**Your assignment**
From the line that contains "Moya O'Connell Stars" to the last line of the data below, transcribe every line exactly. Do not include the pictures.

**Source material**

::::::::::

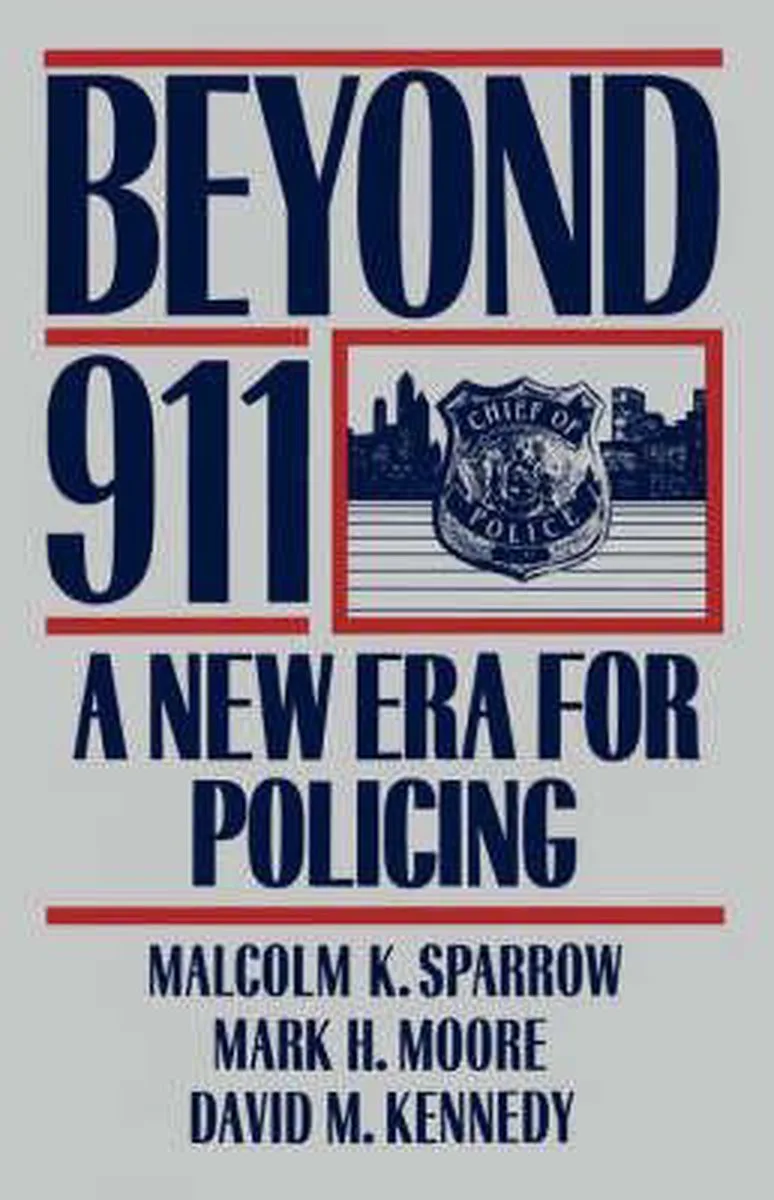 Beyond 911 de Basic Books – photo du livre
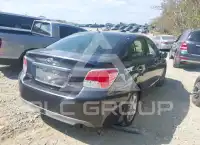 2014 Subaru Impreza photo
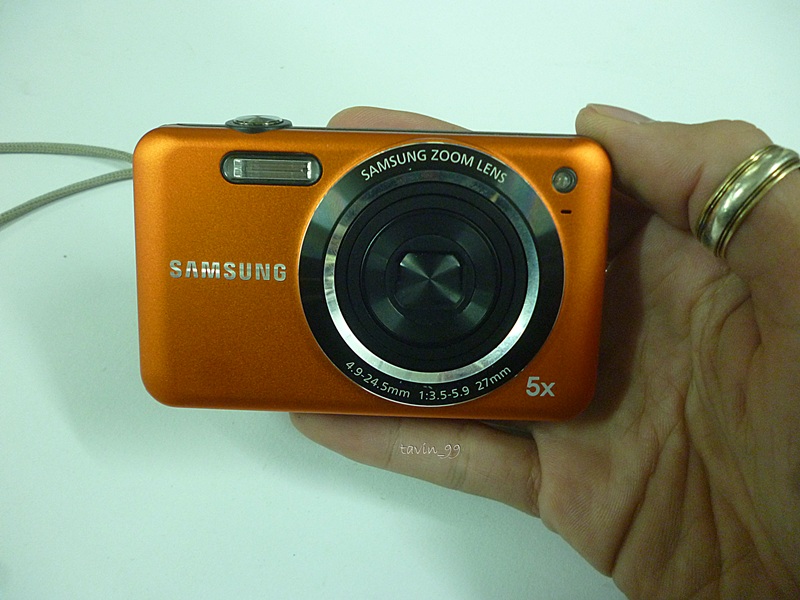 กล้องดิจิตรอน Samsung 14.2ME เชิญชมด้านในก่อนครับพี่ชาย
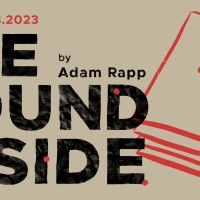 Moya O'Connell Stars in Adam Rapp's THE SOUND INSIDE at the Coal Mine Theatre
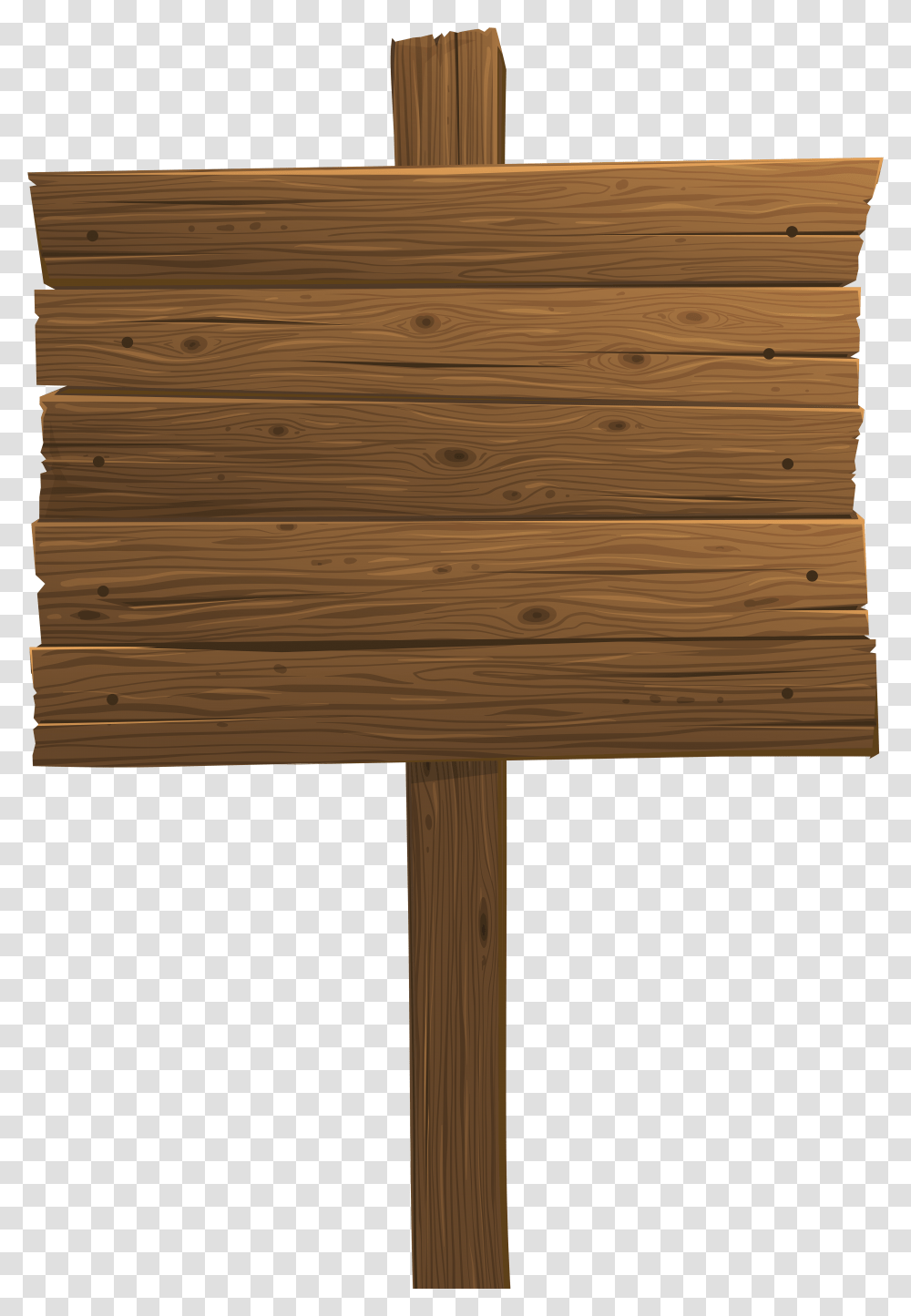 Log Clipart Background Wooden Sign Clipart, Tabletop, Furniture, Hardwood, Plywood Transparent Png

::::::::::

**Exercise result**
 Moya O'Connell Stars in Adam Rapp's THE SOUND INSIDE at the Coal Mine Theatre
 Log Clipart Background Wooden Sign Clipart, Tabletop, Furniture, Hardwood, Plywood Transparent Png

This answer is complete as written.